‘The Pitt’ Doctor Who Fainted Is Back for Even More Trauma

CRASH OUT

Breakout star Shabana Azeez, who plays nervous student doctor Victoria, spills on returning for Season 2 of the hit medical drama.

Shabana Azeez
Warrick Page/HBOMAX

(Warning: Spoilers ahead.)

Med student Victoria Javadi (Shabana Azeez) looked ready to quit by the end of The Pitt’s first season. “Pretty sure today turned me off practicing all forms of medicine,” she said in the finale. Despite the baptism by fire, Victoria hasn’t traded her stethoscope for another less stressful career.

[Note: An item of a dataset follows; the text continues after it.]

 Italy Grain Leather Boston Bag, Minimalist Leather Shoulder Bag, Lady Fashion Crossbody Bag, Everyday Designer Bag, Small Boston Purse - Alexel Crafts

Season 2 picks up 10 months after a mass shooting at a musical festival led to an influx of 100 patients coming through the Pittsburgh Trauma Medical Center (PTMC) doors in a short burst. Rather than mess with the hit formula that saw the HBO Max medical drama from creator R. Scott Gemmill win Outstanding Drama at the Emmys and the Critics’ Choice Awards, and dominate Best of 2025 lists, the sophomore outing follows the same structure: Fifteen episodes, each devoted to one hour of a 15-hour shift.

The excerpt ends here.